*** Opening Exercise data ***

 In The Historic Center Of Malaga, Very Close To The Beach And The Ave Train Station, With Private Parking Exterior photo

*** Closing Exercise data ***
*** Opening Exercise data ***

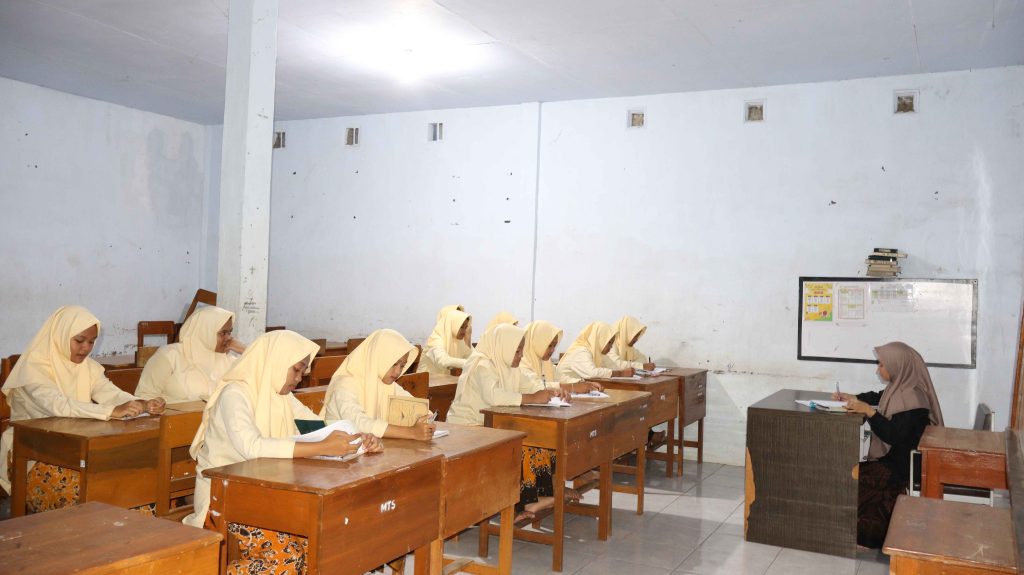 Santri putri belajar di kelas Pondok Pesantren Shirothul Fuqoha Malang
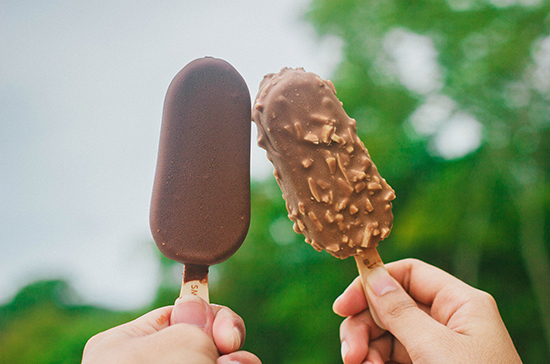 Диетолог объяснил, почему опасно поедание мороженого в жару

*** Closing Exercise data ***
*** Opening Exercise data ***

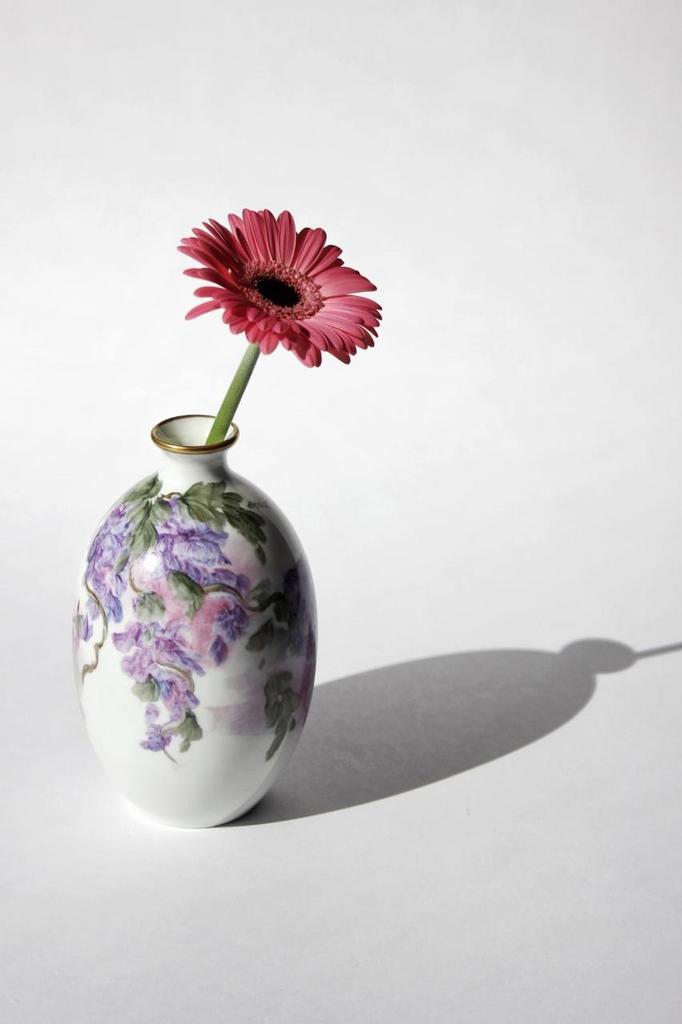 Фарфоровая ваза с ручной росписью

*** Closing Exercise data ***

- Exercise goal: Exact copy, no pictures. Write out the lines in the entries above, starting with the line with "Santri putri belajar" and going on through the line with "Диетолог объяснил, почему", keeping both.

- Solution for this problem:
 Santri putri belajar di kelas Pondok Pesantren Shirothul Fuqoha Malang
 Диетолог объяснил, почему опасно поедание мороженого в жару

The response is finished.